DATA RECORDS:
□ □ □

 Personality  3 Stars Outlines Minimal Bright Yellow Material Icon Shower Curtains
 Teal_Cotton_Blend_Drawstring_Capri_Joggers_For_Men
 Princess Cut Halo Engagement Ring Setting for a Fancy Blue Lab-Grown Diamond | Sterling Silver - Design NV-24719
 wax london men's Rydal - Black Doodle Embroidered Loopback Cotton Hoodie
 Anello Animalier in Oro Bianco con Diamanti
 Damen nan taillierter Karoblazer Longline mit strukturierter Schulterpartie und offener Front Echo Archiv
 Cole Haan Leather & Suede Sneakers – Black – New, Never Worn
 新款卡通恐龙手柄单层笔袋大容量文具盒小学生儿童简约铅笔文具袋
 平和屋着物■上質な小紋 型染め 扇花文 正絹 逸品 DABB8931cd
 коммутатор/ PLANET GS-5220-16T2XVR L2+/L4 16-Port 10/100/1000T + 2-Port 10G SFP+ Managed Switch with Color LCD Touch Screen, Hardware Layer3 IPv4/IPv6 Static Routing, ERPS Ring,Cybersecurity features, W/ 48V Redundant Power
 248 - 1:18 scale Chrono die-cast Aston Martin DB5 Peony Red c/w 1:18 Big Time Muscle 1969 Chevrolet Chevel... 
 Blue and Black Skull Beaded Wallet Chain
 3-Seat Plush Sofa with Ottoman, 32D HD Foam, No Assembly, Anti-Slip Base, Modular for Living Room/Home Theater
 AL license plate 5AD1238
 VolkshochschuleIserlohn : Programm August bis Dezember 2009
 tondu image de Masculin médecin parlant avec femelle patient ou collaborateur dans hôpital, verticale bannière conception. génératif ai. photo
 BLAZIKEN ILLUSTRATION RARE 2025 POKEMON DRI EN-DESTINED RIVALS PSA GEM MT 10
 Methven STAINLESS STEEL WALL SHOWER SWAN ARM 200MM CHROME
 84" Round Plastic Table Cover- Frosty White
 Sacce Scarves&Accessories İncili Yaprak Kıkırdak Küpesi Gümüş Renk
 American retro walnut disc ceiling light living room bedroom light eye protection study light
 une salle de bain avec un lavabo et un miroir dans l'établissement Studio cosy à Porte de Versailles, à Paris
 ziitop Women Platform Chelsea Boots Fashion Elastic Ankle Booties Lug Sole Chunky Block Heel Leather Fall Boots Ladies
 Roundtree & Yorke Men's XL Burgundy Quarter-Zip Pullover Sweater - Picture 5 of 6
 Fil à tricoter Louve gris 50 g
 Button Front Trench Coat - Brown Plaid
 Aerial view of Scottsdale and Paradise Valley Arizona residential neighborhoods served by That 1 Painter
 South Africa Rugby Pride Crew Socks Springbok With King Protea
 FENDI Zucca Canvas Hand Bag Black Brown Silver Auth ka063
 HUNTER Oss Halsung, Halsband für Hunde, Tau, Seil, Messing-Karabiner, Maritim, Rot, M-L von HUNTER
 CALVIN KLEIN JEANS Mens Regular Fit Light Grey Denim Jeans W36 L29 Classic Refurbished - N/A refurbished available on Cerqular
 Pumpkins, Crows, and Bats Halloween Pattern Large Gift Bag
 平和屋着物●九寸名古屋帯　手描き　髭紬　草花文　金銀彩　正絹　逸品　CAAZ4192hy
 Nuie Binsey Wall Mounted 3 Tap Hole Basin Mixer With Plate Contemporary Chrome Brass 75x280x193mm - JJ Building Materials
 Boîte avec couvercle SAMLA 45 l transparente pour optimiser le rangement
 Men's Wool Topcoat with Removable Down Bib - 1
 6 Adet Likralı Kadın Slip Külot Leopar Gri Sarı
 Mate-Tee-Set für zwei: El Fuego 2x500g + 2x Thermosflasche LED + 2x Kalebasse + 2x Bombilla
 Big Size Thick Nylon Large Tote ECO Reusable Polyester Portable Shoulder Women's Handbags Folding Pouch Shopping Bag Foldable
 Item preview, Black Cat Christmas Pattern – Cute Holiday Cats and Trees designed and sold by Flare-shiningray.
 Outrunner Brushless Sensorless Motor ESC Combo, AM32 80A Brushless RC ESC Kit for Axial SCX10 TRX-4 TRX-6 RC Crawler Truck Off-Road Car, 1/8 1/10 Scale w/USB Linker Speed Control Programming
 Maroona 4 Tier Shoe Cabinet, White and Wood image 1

□ □ □

When you reach the line containing "Boîte avec couvercle" in the data above, retype it and each line after it through the final one, exactly as written.

WRITTEN ANSWER:
 Boîte avec couvercle SAMLA 45 l transparente pour optimiser le rangement
 Men's Wool Topcoat with Removable Down Bib - 1
 6 Adet Likralı Kadın Slip Külot Leopar Gri Sarı
 Mate-Tee-Set für zwei: El Fuego 2x500g + 2x Thermosflasche LED + 2x Kalebasse + 2x Bombilla
 Big Size Thick Nylon Large Tote ECO Reusable Polyester Portable Shoulder Women's Handbags Folding Pouch Shopping Bag Foldable
 Item preview, Black Cat Christmas Pattern – Cute Holiday Cats and Trees designed and sold by Flare-shiningray.
 Outrunner Brushless Sensorless Motor ESC Combo, AM32 80A Brushless RC ESC Kit for Axial SCX10 TRX-4 TRX-6 RC Crawler Truck Off-Road Car, 1/8 1/10 Scale w/USB Linker Speed Control Programming
 Maroona 4 Tier Shoe Cabinet, White and Wood image 1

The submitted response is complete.